YOUR INSTRUCTIONS:
Could you set down exactly the lines in the records below between the line holding "A photo of Tyler" and the line holding "A pair of elegant", inclusive?

══ SUPPLIED MATERIAL ══

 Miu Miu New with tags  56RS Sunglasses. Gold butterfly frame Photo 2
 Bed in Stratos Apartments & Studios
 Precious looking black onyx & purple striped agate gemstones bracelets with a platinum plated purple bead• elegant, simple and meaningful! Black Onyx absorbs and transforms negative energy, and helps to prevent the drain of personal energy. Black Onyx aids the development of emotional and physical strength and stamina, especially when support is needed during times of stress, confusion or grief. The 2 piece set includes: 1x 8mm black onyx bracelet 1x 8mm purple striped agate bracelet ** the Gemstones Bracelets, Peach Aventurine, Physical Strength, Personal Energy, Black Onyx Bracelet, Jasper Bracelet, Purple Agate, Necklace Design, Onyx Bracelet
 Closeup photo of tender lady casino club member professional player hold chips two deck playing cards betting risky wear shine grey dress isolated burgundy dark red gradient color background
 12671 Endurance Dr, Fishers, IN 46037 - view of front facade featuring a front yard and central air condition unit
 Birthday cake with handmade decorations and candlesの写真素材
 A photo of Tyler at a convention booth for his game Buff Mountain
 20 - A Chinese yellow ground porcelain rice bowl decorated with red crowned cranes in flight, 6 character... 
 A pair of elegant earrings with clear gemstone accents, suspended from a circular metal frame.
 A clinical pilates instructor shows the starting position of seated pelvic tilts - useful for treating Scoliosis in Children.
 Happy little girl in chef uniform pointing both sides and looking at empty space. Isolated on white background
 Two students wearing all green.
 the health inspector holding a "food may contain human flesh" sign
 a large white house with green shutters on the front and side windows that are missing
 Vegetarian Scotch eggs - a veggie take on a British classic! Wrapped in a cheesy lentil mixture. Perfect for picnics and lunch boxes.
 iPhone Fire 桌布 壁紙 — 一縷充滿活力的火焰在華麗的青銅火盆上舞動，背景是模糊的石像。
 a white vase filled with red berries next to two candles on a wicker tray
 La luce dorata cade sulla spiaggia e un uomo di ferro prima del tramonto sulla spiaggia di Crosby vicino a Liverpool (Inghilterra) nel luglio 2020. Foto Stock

═══

WRITTEN RESPONSE:
 A photo of Tyler at a convention booth for his game Buff Mountain
 20 - A Chinese yellow ground porcelain rice bowl decorated with red crowned cranes in flight, 6 character... 
 A pair of elegant earrings with clear gemstone accents, suspended from a circular metal frame.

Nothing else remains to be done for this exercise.